[Data extract Boundary: Start]

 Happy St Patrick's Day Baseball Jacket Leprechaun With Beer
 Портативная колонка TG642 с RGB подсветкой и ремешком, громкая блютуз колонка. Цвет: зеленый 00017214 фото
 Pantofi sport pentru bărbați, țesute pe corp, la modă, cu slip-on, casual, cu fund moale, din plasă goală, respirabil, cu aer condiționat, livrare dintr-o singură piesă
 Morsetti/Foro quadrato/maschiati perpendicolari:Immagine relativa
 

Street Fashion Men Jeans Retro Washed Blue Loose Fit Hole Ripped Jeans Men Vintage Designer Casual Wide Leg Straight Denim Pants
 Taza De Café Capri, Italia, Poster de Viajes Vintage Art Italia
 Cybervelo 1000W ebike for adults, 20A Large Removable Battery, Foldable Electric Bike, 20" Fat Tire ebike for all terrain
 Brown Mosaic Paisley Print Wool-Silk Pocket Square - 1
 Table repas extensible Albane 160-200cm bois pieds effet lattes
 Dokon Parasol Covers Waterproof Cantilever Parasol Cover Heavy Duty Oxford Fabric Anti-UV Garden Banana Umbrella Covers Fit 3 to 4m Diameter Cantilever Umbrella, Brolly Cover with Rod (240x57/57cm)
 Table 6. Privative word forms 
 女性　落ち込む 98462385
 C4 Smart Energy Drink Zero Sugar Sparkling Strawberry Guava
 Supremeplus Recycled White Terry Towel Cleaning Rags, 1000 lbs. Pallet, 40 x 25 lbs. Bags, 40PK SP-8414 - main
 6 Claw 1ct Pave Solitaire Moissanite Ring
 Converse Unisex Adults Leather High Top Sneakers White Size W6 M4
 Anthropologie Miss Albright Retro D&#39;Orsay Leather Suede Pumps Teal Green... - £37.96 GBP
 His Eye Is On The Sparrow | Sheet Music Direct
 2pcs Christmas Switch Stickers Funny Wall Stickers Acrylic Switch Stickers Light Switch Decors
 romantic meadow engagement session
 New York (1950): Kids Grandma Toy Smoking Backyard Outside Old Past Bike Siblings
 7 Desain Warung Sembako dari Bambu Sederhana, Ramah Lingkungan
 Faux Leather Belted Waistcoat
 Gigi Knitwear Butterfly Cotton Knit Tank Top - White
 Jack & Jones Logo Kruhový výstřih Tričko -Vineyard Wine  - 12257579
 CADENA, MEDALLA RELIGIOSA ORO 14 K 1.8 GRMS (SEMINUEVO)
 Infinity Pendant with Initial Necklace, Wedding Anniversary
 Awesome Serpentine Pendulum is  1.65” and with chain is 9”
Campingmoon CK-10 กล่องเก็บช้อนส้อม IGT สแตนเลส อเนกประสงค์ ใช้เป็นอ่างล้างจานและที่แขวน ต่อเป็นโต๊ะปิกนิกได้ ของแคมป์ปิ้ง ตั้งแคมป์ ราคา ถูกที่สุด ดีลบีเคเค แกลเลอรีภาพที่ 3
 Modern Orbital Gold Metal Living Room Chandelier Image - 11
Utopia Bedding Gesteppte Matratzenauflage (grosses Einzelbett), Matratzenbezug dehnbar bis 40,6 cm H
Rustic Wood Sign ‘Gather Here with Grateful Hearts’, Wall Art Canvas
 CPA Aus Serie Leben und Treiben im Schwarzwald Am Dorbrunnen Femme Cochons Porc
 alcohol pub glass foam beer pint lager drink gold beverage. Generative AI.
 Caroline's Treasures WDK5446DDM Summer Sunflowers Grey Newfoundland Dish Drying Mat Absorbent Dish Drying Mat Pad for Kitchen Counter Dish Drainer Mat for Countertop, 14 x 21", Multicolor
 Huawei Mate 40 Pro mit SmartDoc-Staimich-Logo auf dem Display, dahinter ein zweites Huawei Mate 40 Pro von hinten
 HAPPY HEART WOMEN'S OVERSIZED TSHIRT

[Data extract Boundary: End]

- Assignment -
Copy out each entry once more, character for character.

- Finished exercise -
 Happy St Patrick's Day Baseball Jacket Leprechaun With Beer
 Портативная колонка TG642 с RGB подсветкой и ремешком, громкая блютуз колонка. Цвет: зеленый 00017214 фото
 Pantofi sport pentru bărbați, țesute pe corp, la modă, cu slip-on, casual, cu fund moale, din plasă goală, respirabil, cu aer condiționat, livrare dintr-o singură piesă
 Morsetti/Foro quadrato/maschiati perpendicolari:Immagine relativa
 

Street Fashion Men Jeans Retro Washed Blue Loose Fit Hole Ripped Jeans Men Vintage Designer Casual Wide Leg Straight Denim Pants
 Taza De Café Capri, Italia, Poster de Viajes Vintage Art Italia
 Cybervelo 1000W ebike for adults, 20A Large Removable Battery, Foldable Electric Bike, 20" Fat Tire ebike for all terrain
 Brown Mosaic Paisley Print Wool-Silk Pocket Square - 1
 Table repas extensible Albane 160-200cm bois pieds effet lattes
 Dokon Parasol Covers Waterproof Cantilever Parasol Cover Heavy Duty Oxford Fabric Anti-UV Garden Banana Umbrella Covers Fit 3 to 4m Diameter Cantilever Umbrella, Brolly Cover with Rod (240x57/57cm)
 Table 6. Privative word forms 
 女性　落ち込む 98462385
 C4 Smart Energy Drink Zero Sugar Sparkling Strawberry Guava
 Supremeplus Recycled White Terry Towel Cleaning Rags, 1000 lbs. Pallet, 40 x 25 lbs. Bags, 40PK SP-8414 - main
 6 Claw 1ct Pave Solitaire Moissanite Ring
 Converse Unisex Adults Leather High Top Sneakers White Size W6 M4
 Anthropologie Miss Albright Retro D&#39;Orsay Leather Suede Pumps Teal Green... - £37.96 GBP
 His Eye Is On The Sparrow | Sheet Music Direct
 2pcs Christmas Switch Stickers Funny Wall Stickers Acrylic Switch Stickers Light Switch Decors
 romantic meadow engagement session
 New York (1950): Kids Grandma Toy Smoking Backyard Outside Old Past Bike Siblings
 7 Desain Warung Sembako dari Bambu Sederhana, Ramah Lingkungan
 Faux Leather Belted Waistcoat
 Gigi Knitwear Butterfly Cotton Knit Tank Top - White
 Jack & Jones Logo Kruhový výstřih Tričko -Vineyard Wine  - 12257579
 CADENA, MEDALLA RELIGIOSA ORO 14 K 1.8 GRMS (SEMINUEVO)
 Infinity Pendant with Initial Necklace, Wedding Anniversary
 Awesome Serpentine Pendulum is  1.65” and with chain is 9”
Campingmoon CK-10 กล่องเก็บช้อนส้อม IGT สแตนเลส อเนกประสงค์ ใช้เป็นอ่างล้างจานและที่แขวน ต่อเป็นโต๊ะปิกนิกได้ ของแคมป์ปิ้ง ตั้งแคมป์ ราคา ถูกที่สุด ดีลบีเคเค แกลเลอรีภาพที่ 3
 Modern Orbital Gold Metal Living Room Chandelier Image - 11
Utopia Bedding Gesteppte Matratzenauflage (grosses Einzelbett), Matratzenbezug dehnbar bis 40,6 cm H
Rustic Wood Sign ‘Gather Here with Grateful Hearts’, Wall Art Canvas
 CPA Aus Serie Leben und Treiben im Schwarzwald Am Dorbrunnen Femme Cochons Porc
 alcohol pub glass foam beer pint lager drink gold beverage. Generative AI.
 Caroline's Treasures WDK5446DDM Summer Sunflowers Grey Newfoundland Dish Drying Mat Absorbent Dish Drying Mat Pad for Kitchen Counter Dish Drainer Mat for Countertop, 14 x 21", Multicolor
 Huawei Mate 40 Pro mit SmartDoc-Staimich-Logo auf dem Display, dahinter ein zweites Huawei Mate 40 Pro von hinten
 HAPPY HEART WOMEN'S OVERSIZED TSHIRT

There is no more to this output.